Onun için eğlenceleri meşru bir zemine oturtmak kadar dozunu iyi ayarlamak hayatımızın büyük kısmını kaplamaması bize yapacağımız asıl faydalı faaliyetler için sadece bir neşve kazandırması gerekir.

Şimdi gelelim bu meşru eğlencelerin neler olabileceğine ve diğer sorulardaki caiz midir değil midir meselelerine...

Konuyla ilgili hadisleri ele alacak olursak bu konuda Allah Rasûlü sallallahu aleyhi ve
sellem şu hadisleri irad buyurmuştur;

İlk hadisimiz:

Üçü hariç, hiçbir oyun / eğlence övülmez. Bunlar, kişinin atını eğitmesi,  eşiyle oynayıp eğlenmesi, ok ve mızrak atmasıdır.”

Hadisi Nesaî ve Ebu Davud rivayet etmiştir.(bk. Kenzu’l-Ummal, h. No: 10862). Diğer bir rivayette ise şu ifadeler vardır:

Üç şeyin dışında, dünyanın bütün eğlenceleri batıldır / boştur / faydasızıdır. Bunlar, yayınla ok atman, atını eğitmen ve ailenle oynamandır.

Hadisi  Hakim rivayet etmiştir.(bk. a.g.e, h. No: 10863).

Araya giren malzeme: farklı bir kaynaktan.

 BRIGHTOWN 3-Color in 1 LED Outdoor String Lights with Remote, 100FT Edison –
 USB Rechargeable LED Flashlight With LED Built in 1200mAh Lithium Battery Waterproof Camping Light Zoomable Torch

Yine Sirac-ı Munir'de geçen bir hadis-i şerifte Allah Rasulü sallallahu aleyhi ve sellem "sizden çocuğu olan onunla çocuklaşsın"
Buyurmaktadır sadece bu hadislerden anladığımız şekli ile dahi oyun ve eğlenceden maksat ya vücudun güçlenmesi (okçuluk başta olmak üzere muhtelif sporlar) vücuda bir fayda vermesi ya sosyal ilişkilerimizin güçlenmesi ki bunun işin başında ailemiz gelir, ya da hayatımızı devam ettirmek için gerekli olan alet edevat üzerine yaptığımız denemeleri çalışmalar... Tüm bunlar için harcanan zamanda kulluğumuzu aksatmamak şartı ile bir sakınca yoktur.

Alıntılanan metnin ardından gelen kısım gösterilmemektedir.